In the crush of Japanese reissues that have worked their way out over the past few years Jacks have largely been left out of the conversation in favor of the harsher psychedelics and the American acolytes that skewed toward the softer side of the ‘70s. Its fair to say, though, that this album is a nexus of everything that came before and after in the Japanese underground. The comparisons to the Velvet Underground, at least as a band that launched a hundred others is apt, although there may be more than a few similarities sonically as well. The band brought a darkness to the Japanese scene that had been sorely lacking in a lot of copycats of upbeat US and UK pop.
While it’s styled a bit after the psychedelic bands that were legion in 1968, Jacks lean towards a gloom-drenched vision of pop that’s framed in their creeping compositions. Take for example the album’s title track, a cut that was reportedly banned from Japanese radio at the time. The track isn’t weighed down with political commentary or cultural critique, but the track explores death, or the illusion of death to the narrator. Perhaps the themes were too macabre for the mainstream. The rest of the album follows suit, pairing nimble strums and the occasional wash of fuzz guitar with Takasuke Kida’s washes of flute and the steady pulse of Hitoshi Tanino’s upright bass, again finding the band in the murky waters between psych-pop and jazz like their oft-compared American counterparts. The band also tugged in a bit of surf with the use of tremolo and cavernous reverb, but their version was far from the Californian shores and perhaps even further from the sunshine.
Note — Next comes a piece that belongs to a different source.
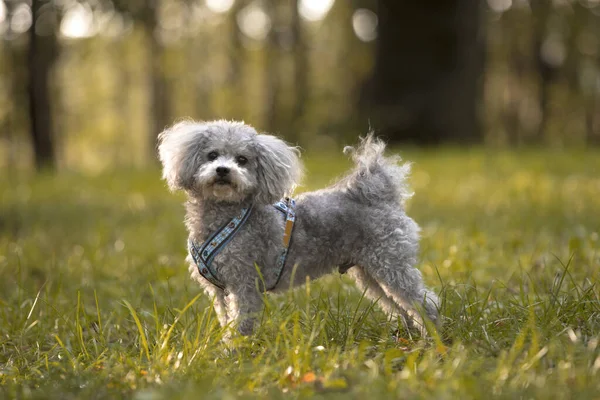 Gri bolonka zwetna köpek sonbahar ışığında dışarıda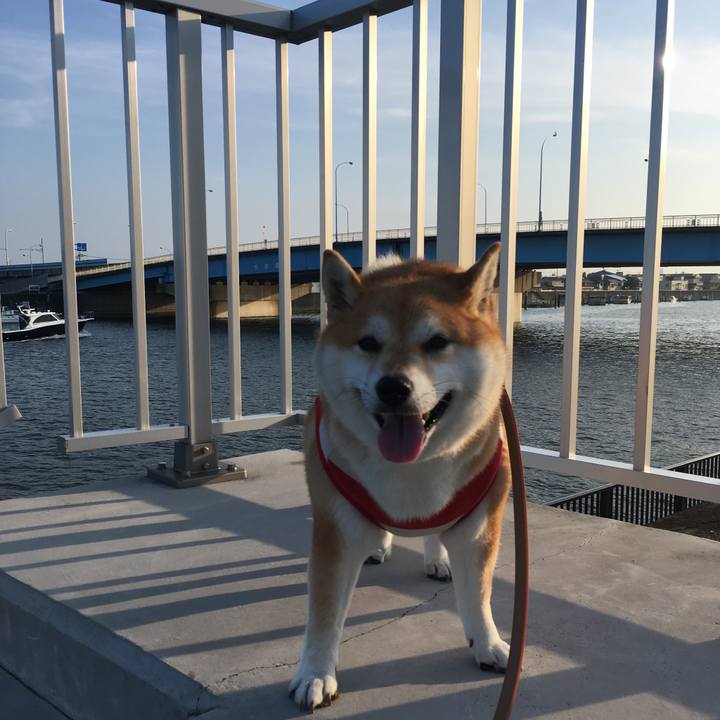 F3372197 785f 4f38 9630 fe3a0fa6d6c0 1565996625187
Unlike a group like Happy End, the members didn’t splinter and all take up an arm of pop’s future, but in their two year run it seems that most of the ‘70s crop. However, notably, after guitarist Haruo Mizuhashi left the group, he was replaced by Hiro Tsunoda for the band’s second album who would do time in a wide cross-section of bands including Flied Egg, Food Brain and Strawberry Path. The rest of their influence could be felt as the folk bands turned harder and darker over the next few years, with the aforementioned Happy End feeling like the most prominent heirs to their mindset. Long a bootlegged album, its nice to see Mesh-Key picking up the first official reissue, remastered from the original analog tapes.